Irna first played Meta, whose elegant accent was somewhere between Lake Forest, Illinois and three hundred miles west of England. Irna-Meta was elegant, impulsive, and too gentile for her German father.

“The Cherman Fahder had an eggscent dot was wery pronounced: aber he was kinly and gemüütlicht even to his elegant daughter,” she would say. Irna-Fadder was sad because Die Mutter of Irna-Meta had died, of course.

Irna played all the parts to the hilt, including the male suitor. And then, exactly on time just before the commercial, Irna imitated the announcer who breathlessly said, “Well!” or even “Well Well”. (Astonishment, required)

(Commercial)

Irna’s secretary would say, “What got into Meta today? What a way to talk to her father!”

Irna said, “I don’t understand that girl. She’d better watch out, or she’ll have some serious trouble!” Irna-Meta was not Irna Phillips.

The secretary typed out the script and sent it to New York where The Guiding Light was produced. At 12:15 pm Central Standard Time, Monday through Friday, the live broadcast was heard in the writer’s apartment. While Miss Phillips was content with the actress playing Meta, despite the many, many German refugees in New York, she disliked their accents.

She wanted someone whose eggscent was exactly like hers — someone “kinly and gemüüütilicht even to his elegant daughter. Die Irna-Mutter had died two seasons back.”

Irna was kindly and elegant to me. She outlined the plot for the next two weeks and sent me off to write some episodes. She also paid in advance.

I sent the trial episodes to her by mail and was asked to visit her in her Lake Shore Drive apartment.

“I am sorry”, she said. “But it won’t work out.”

“Why not Miss Phillips?”

“Perry, you made one error that I could correct. You advanced the plot on Monday. The plot must never advance on a Monday. That’s the day you review all the events of the week before to remind the audience and prepare them for the surprise on Tuesday.
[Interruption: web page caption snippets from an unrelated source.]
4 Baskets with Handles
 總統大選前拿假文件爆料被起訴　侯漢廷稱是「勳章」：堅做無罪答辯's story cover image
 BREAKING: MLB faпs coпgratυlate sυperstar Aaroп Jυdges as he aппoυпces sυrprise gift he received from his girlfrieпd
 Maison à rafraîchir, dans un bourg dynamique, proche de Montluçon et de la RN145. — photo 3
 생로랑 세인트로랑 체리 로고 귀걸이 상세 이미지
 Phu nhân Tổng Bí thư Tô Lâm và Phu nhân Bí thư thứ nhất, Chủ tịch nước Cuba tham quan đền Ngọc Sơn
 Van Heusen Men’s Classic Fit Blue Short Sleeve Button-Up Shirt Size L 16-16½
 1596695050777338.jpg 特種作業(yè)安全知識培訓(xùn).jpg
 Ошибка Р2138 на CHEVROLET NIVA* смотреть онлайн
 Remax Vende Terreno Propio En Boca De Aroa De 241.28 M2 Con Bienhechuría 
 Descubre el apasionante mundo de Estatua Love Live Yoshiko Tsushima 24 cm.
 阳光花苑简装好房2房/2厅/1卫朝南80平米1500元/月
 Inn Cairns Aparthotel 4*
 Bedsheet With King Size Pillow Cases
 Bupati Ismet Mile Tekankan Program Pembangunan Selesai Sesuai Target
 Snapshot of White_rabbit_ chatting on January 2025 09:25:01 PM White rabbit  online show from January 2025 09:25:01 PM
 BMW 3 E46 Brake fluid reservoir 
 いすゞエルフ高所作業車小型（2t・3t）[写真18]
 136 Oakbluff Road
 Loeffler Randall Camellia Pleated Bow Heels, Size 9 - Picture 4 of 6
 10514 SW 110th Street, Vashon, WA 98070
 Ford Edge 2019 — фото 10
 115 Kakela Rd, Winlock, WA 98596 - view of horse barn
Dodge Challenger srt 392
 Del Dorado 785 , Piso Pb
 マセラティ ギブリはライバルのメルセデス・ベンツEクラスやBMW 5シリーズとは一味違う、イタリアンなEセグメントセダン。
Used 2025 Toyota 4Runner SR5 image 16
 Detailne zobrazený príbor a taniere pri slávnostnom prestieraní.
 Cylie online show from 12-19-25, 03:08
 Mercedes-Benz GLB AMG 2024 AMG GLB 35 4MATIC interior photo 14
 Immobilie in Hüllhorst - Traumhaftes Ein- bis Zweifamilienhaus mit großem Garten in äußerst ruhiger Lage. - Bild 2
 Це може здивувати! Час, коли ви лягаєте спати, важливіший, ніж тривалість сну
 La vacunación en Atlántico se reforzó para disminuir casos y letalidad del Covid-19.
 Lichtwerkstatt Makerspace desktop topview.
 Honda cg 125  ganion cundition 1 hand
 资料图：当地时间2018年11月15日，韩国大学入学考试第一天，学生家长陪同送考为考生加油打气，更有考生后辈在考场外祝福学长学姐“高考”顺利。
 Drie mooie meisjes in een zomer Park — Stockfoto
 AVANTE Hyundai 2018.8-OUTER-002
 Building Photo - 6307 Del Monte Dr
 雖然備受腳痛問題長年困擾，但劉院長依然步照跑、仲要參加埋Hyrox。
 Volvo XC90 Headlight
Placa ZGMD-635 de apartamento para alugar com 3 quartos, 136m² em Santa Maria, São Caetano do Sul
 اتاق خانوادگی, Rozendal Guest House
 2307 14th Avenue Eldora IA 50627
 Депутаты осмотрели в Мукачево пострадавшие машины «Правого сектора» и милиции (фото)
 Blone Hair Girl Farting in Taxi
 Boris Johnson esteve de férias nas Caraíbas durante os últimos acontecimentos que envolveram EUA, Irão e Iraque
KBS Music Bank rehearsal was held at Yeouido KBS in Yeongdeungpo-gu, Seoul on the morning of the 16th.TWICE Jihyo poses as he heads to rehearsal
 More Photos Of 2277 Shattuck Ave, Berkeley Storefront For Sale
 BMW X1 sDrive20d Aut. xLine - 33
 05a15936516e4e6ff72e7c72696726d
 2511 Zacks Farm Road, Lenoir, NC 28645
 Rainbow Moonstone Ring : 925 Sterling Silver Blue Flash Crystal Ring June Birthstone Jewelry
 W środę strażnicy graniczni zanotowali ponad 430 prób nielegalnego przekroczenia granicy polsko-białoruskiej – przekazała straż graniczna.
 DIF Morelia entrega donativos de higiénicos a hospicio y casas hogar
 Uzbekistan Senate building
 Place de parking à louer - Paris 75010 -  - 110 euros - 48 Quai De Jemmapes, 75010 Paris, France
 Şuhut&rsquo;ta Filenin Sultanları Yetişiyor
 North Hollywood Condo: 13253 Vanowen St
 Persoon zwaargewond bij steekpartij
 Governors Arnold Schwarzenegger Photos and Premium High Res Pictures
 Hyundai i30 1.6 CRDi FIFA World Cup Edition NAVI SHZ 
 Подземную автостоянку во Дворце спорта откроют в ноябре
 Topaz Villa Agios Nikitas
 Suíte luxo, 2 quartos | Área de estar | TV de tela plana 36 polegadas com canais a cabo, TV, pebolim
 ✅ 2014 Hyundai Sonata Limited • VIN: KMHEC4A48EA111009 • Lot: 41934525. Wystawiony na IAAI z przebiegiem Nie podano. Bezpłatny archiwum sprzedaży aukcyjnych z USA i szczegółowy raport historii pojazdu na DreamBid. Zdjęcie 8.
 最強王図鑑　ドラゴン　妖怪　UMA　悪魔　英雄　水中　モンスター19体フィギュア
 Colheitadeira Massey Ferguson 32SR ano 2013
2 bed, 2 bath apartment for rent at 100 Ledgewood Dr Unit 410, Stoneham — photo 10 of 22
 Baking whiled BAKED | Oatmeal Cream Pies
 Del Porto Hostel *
“As I said I could take care of that. But there is something in your writing style that I know I could never correct.”

“Yes?”

“Perry, you rewrite. You are literary. You cannot dictate normal dialog because you rewrite and that is what makes it too literary.”

She continued. “I’ll tell you what I can do for you. There are going to be two deaths in the plot. (Two actors have quit for jobs in Hollywood.) You can write two funeral services for the Memorial Day programs.”

I did. An obituary for The Guiding Light for Mehta’s father. In real life, the actor had a profitable restaurant in Manhattan that gave him time to do the soap opera. The accented Mehta did a fifteen minute tribute to her fadder and cried very well. I don’t remember what other person character died or who read the second Guiding Light eulogy, but now I had enough money to go to New York and look for a job.